| Exercise description |
Go to the line in the entries below that holds "Large Mossy Wall" and repeat exactly from there through the line that holds "Martina Girl 3 Side 1 week", inclusive.

| Supplied material |
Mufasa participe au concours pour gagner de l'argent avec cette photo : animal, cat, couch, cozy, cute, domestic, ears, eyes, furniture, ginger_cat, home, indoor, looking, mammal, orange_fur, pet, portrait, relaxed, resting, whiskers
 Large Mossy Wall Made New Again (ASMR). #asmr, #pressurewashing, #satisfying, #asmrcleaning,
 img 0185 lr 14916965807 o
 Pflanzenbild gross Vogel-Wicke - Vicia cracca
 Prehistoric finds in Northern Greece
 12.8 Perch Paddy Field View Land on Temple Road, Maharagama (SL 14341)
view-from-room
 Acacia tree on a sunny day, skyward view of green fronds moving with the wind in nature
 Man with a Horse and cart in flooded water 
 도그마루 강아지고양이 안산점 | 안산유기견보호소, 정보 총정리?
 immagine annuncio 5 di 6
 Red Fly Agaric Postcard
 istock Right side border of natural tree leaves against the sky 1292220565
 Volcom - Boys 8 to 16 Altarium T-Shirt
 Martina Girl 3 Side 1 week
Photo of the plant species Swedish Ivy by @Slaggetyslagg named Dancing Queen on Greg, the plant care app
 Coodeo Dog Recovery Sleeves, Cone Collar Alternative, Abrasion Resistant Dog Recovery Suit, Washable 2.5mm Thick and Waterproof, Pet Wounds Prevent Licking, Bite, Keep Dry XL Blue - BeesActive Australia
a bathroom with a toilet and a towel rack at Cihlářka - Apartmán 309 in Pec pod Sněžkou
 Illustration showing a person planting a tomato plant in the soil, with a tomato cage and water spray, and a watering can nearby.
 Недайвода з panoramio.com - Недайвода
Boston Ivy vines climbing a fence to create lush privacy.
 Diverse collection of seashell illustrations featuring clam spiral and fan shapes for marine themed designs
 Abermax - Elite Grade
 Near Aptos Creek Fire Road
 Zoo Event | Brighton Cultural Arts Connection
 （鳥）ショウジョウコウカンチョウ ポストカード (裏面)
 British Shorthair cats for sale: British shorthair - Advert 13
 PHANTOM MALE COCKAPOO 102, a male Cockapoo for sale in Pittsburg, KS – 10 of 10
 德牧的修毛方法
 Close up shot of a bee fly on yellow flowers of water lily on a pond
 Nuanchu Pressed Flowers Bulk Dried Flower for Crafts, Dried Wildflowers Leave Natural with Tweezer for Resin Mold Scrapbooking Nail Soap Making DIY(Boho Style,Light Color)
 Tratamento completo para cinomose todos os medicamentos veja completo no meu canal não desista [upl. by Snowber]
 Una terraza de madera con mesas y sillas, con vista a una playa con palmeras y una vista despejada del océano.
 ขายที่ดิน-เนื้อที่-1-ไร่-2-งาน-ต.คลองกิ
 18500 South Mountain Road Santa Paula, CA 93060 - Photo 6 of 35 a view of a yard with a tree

| Completed task |
 Large Mossy Wall Made New Again (ASMR). #asmr, #pressurewashing, #satisfying, #asmrcleaning,
 img 0185 lr 14916965807 o
 Pflanzenbild gross Vogel-Wicke - Vicia cracca
 Prehistoric finds in Northern Greece
 12.8 Perch Paddy Field View Land on Temple Road, Maharagama (SL 14341)
view-from-room
 Acacia tree on a sunny day, skyward view of green fronds moving with the wind in nature
 Man with a Horse and cart in flooded water 
 도그마루 강아지고양이 안산점 | 안산유기견보호소, 정보 총정리?
 immagine annuncio 5 di 6
 Red Fly Agaric Postcard
 istock Right side border of natural tree leaves against the sky 1292220565
 Volcom - Boys 8 to 16 Altarium T-Shirt
 Martina Girl 3 Side 1 week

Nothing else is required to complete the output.